Task details:
Only an exact copy of the records below will serve as the answer.

——

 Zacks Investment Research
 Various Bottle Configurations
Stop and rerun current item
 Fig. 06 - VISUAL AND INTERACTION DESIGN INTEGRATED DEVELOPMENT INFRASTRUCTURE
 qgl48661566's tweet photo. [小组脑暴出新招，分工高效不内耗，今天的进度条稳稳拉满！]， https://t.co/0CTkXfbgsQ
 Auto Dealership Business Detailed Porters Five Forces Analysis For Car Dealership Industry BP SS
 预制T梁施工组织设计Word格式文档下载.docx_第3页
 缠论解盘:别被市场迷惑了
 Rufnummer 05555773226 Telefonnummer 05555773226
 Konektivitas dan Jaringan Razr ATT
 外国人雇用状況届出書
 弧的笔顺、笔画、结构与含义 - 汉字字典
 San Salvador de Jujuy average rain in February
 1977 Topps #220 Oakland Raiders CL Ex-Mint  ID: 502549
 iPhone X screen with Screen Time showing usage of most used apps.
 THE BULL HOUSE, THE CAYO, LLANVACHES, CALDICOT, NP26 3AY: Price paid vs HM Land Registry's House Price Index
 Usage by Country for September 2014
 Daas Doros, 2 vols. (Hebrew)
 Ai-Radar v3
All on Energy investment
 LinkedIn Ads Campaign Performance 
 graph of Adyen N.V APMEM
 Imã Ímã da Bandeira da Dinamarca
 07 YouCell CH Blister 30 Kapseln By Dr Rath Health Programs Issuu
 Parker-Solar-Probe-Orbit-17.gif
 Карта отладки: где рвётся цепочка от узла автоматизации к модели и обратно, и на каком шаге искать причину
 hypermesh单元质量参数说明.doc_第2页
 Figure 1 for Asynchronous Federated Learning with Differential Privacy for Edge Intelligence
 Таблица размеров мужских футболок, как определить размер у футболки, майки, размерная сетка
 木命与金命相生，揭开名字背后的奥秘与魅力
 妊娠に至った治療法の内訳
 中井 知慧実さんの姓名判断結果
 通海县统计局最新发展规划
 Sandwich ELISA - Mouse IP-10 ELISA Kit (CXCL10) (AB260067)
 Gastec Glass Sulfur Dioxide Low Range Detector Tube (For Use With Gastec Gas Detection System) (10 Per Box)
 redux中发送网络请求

——

Solution for this problem:
 Zacks Investment Research
 Various Bottle Configurations
Stop and rerun current item
 Fig. 06 - VISUAL AND INTERACTION DESIGN INTEGRATED DEVELOPMENT INFRASTRUCTURE
 qgl48661566's tweet photo. [小组脑暴出新招，分工高效不内耗，今天的进度条稳稳拉满！]， https://t.co/0CTkXfbgsQ
 Auto Dealership Business Detailed Porters Five Forces Analysis For Car Dealership Industry BP SS
 预制T梁施工组织设计Word格式文档下载.docx_第3页
 缠论解盘:别被市场迷惑了
 Rufnummer 05555773226 Telefonnummer 05555773226
 Konektivitas dan Jaringan Razr ATT
 外国人雇用状況届出書
 弧的笔顺、笔画、结构与含义 - 汉字字典
 San Salvador de Jujuy average rain in February
 1977 Topps #220 Oakland Raiders CL Ex-Mint  ID: 502549
 iPhone X screen with Screen Time showing usage of most used apps.
 THE BULL HOUSE, THE CAYO, LLANVACHES, CALDICOT, NP26 3AY: Price paid vs HM Land Registry's House Price Index
 Usage by Country for September 2014
 Daas Doros, 2 vols. (Hebrew)
 Ai-Radar v3
All on Energy investment
 LinkedIn Ads Campaign Performance 
 graph of Adyen N.V APMEM
 Imã Ímã da Bandeira da Dinamarca
 07 YouCell CH Blister 30 Kapseln By Dr Rath Health Programs Issuu
 Parker-Solar-Probe-Orbit-17.gif
 Карта отладки: где рвётся цепочка от узла автоматизации к модели и обратно, и на каком шаге искать причину
 hypermesh单元质量参数说明.doc_第2页
 Figure 1 for Asynchronous Federated Learning with Differential Privacy for Edge Intelligence
 Таблица размеров мужских футболок, как определить размер у футболки, майки, размерная сетка
 木命与金命相生，揭开名字背后的奥秘与魅力
 妊娠に至った治療法の内訳
 中井 知慧実さんの姓名判断結果
 通海县统计局最新发展规划
 Sandwich ELISA - Mouse IP-10 ELISA Kit (CXCL10) (AB260067)
 Gastec Glass Sulfur Dioxide Low Range Detector Tube (For Use With Gastec Gas Detection System) (10 Per Box)
 redux中发送网络请求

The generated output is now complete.